Turn off automatic optimization, and you control the optimization!
.. code-block:: python
def __init__(self):
self.automatic_optimization = False
def training_step(self, batch, batch_idx):
# access your optimizers with use_pl_optimizer=False. Default is True,
# setting use_pl_optimizer=True will maintain plugin/precision support
opt_a, opt_b = self.optimizers(use_pl_optimizer=True)
loss_a = self.generator(batch)
opt_a.zero_grad()
# use `manual_backward()` instead of `loss.backward` to automate half precision, etc...
self.manual_backward(loss_a)
opt_a.step()
loss_b = self.discriminator(batch)
opt_b.zero_grad()
self.manual_backward(loss_b)
opt_b.step()
Loop Customization
==================
If you need even more flexibility, you can fully customize the training loop to its core. These are usually required to be customized
for advanced use-cases. Learn more inside :doc:`Loops docs <../extensions/loops>`.
Predict or Deploy
=================
When you're done training, you have three options to use your LightningModule for predictions.
Option 1: Sub-models
--------------------
Pull out any model inside your system for predictions.
.. code-block:: python
# ----------------------------------
# to use as embedding extractor
# ----------------------------------
autoencoder = LitAutoEncoder.load_from_checkpoint("path/to/checkpoint_file.ckpt")

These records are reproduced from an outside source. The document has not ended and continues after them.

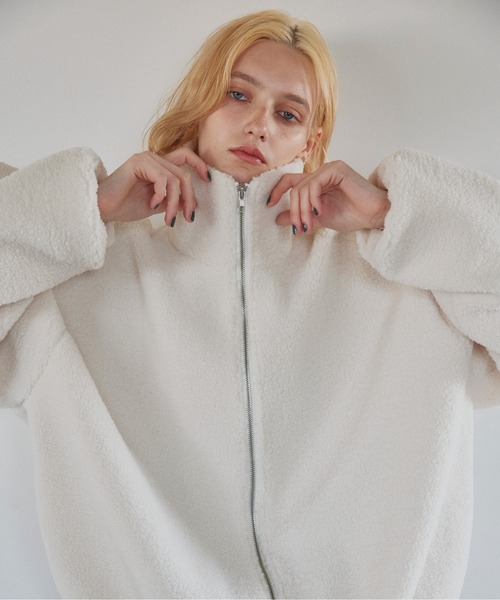 LIAN（リアン）の「スタンドカラーボアブルゾン（ブルゾン・レディース・ホワイト×ブラック/ブラック×ホワイト/ホワイト×グレー/アイボリー/ブラック・FREE）」の18枚目の写真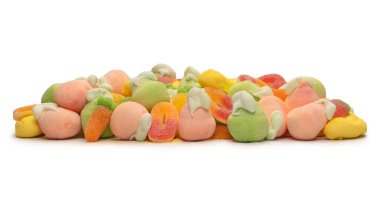 Mix of jelly colorful candys and marshmallows isolated on a white background. 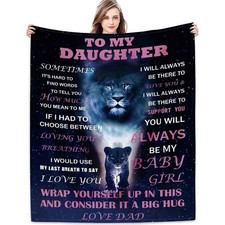 Yutrrpe Daughter Gift Blanket from Dad Lightweight Flannel for Bed  Sofa 60X50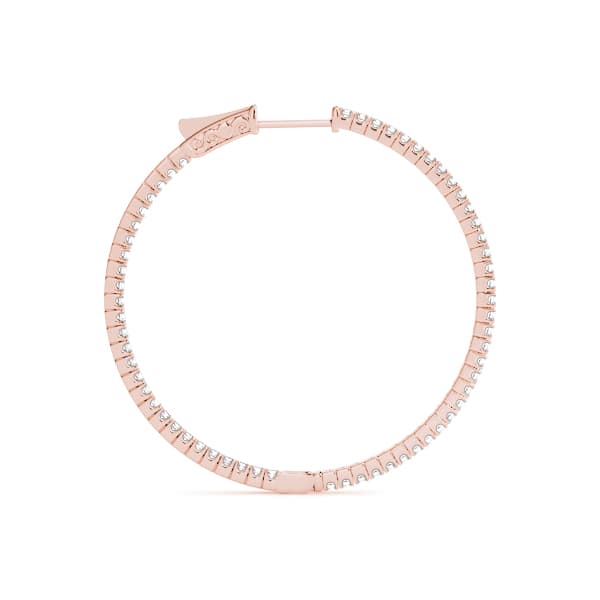 Round Shaped Inside-Out Hoop Earrings — .02,41MM (2 ct. tw.), Side view in rose gold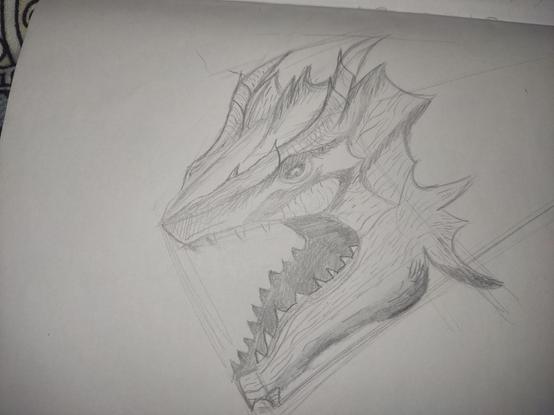 Drawing of a dragon head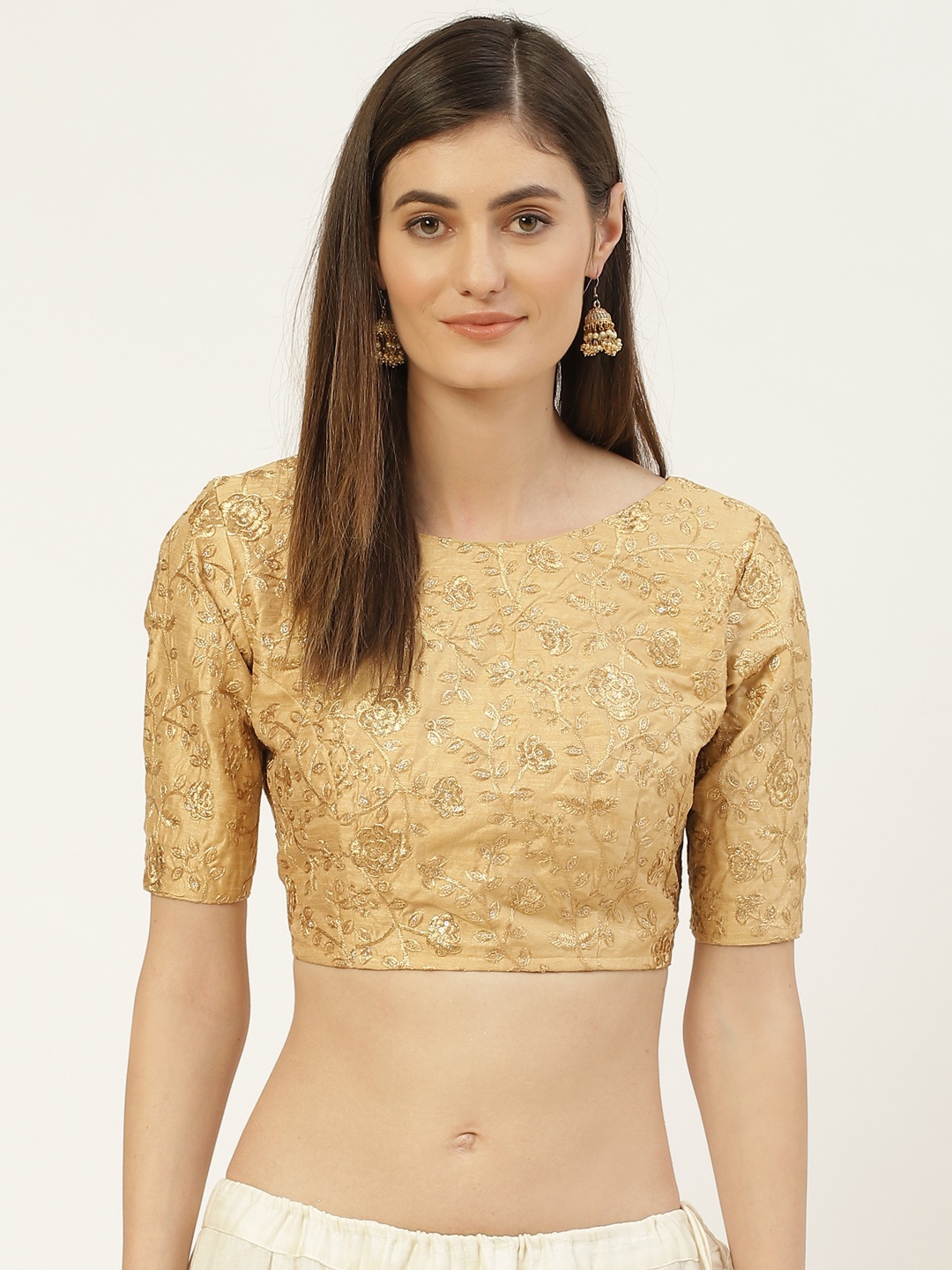 

Studio Shringaar Beige & Golden Zari Embroidered Saree Blouse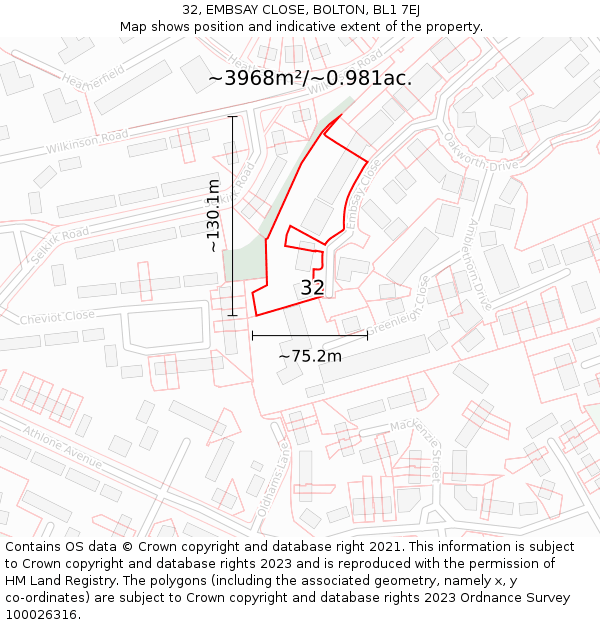 32, EMBSAY CLOSE, BOLTON, BL1 7EJ: Plot and title map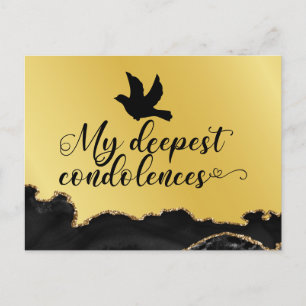 Postal Cartão de condolências Tema Preto e Dourado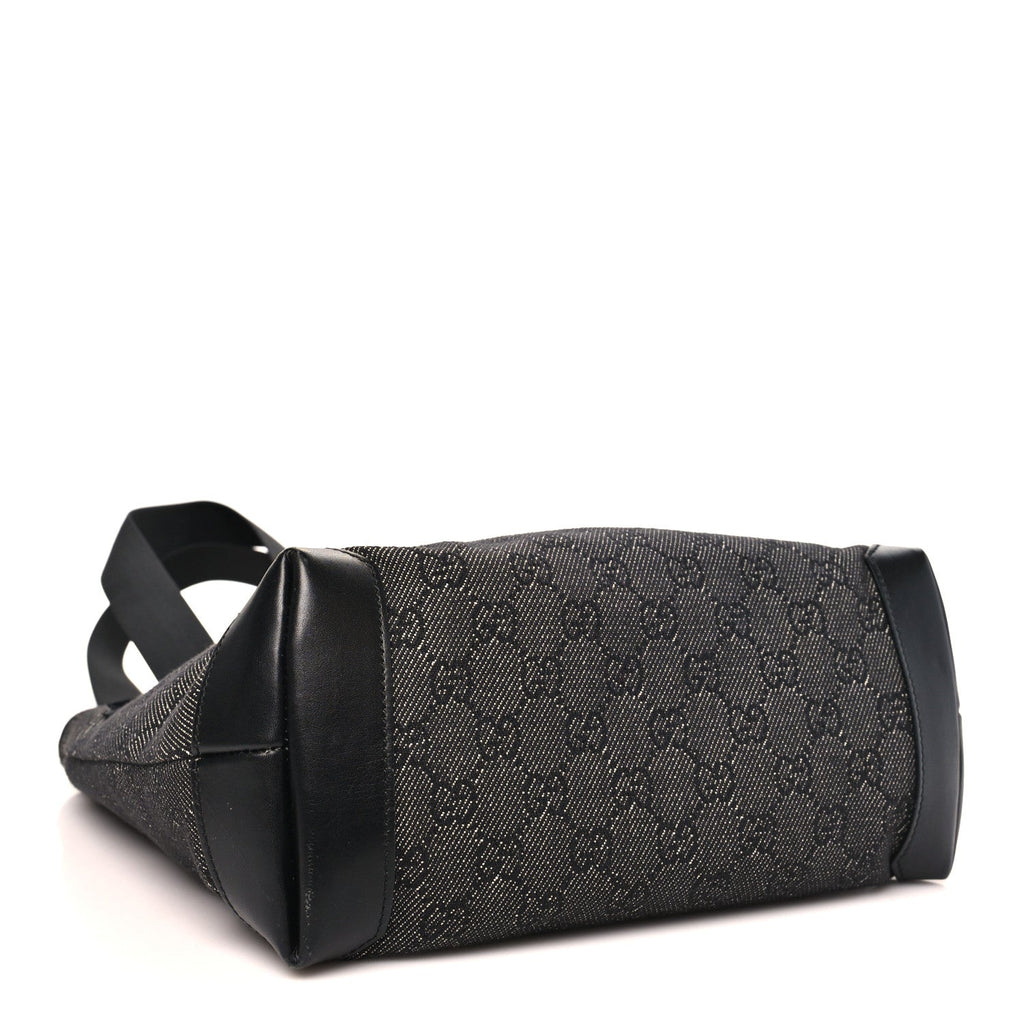 Denim Monogram Tote Bag Black wholesalehk.shop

encoder_model = autoencoder.encoder
encoder_model.eval()
# ----------------------------------
# to use as image generator
# ----------------------------------
decoder_model = autoencoder.decoder
decoder_model.eval()
Option 2: Forward
-----------------
You can also add a forward method to do predictions however you want.
.. testcode::
# ----------------------------------
# using the AE to extract embeddings
# ----------------------------------
class LitAutoEncoder(LightningModule):
def __init__(self):
super().__init__()
self.encoder = nn.Sequential(nn.Linear(28 * 28, 64))
def forward(self, x):
embedding = self.encoder(x)
return embedding
autoencoder = LitAutoEncoder()
embedding = autoencoder(torch.rand(1, 28 * 28))
.. code-block:: python
# -------------------------------
# using the AE to generate images
# -------------------------------
class LitAutoEncoder(LightningModule):
def __init__(self):
super().__init__()
self.decoder = nn.Sequential(nn.Linear(64, 28 * 28))
def forward(self):
z = torch.rand(1, 64)
image = self.decoder(z)
image = image.view(1, 1, 28, 28)
return image
autoencoder = LitAutoEncoder()
image_sample = autoencoder()
Option 3: Production
--------------------
For production systems, `ONNX `_ or `TorchScript `_ is much faster.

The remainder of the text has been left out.